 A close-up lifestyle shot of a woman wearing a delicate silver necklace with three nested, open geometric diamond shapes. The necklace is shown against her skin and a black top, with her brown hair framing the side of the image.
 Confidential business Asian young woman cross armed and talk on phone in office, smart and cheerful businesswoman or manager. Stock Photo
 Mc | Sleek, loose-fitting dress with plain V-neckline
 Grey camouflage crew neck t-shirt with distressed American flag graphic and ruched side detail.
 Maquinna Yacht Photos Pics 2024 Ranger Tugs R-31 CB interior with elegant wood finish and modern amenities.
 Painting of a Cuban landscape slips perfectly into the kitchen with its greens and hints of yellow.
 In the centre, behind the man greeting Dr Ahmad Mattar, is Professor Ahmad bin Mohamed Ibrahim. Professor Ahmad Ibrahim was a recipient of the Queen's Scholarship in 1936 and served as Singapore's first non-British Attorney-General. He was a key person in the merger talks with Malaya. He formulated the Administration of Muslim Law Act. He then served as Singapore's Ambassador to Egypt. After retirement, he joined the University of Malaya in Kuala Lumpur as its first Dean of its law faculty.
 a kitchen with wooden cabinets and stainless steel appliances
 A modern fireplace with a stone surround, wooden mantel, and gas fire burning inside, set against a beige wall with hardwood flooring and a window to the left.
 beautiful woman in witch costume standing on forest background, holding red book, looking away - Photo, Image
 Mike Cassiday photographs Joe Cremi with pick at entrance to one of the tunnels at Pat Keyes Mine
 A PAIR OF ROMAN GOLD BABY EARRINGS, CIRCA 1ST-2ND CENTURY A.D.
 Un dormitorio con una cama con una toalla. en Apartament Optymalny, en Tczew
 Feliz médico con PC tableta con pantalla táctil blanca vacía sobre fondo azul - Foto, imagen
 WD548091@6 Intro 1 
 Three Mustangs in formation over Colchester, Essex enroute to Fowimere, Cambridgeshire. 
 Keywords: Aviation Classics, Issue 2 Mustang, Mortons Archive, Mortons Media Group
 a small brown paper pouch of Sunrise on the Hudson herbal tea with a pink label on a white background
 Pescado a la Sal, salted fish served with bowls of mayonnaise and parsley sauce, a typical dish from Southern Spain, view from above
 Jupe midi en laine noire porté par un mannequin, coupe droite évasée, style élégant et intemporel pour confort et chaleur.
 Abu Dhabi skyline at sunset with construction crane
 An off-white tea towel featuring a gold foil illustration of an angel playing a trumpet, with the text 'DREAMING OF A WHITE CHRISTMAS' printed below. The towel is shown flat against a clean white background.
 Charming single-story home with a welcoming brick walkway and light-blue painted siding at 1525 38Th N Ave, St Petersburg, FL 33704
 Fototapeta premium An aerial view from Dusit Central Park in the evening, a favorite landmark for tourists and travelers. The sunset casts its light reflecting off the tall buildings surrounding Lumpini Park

□ □ □ □ □

## DIRECTIONS FOR THIS TASK
From the entries above, restate word for word the lines from the line containing "Abu Dhabi skyline" to the line containing "Charming single-story home", both ends included, and nothing more.

## WRITTEN ANSWER
 Abu Dhabi skyline at sunset with construction crane
 An off-white tea towel featuring a gold foil illustration of an angel playing a trumpet, with the text 'DREAMING OF A WHITE CHRISTMAS' printed below. The towel is shown flat against a clean white background.
 Charming single-story home with a welcoming brick walkway and light-blue painted siding at 1525 38Th N Ave, St Petersburg, FL 33704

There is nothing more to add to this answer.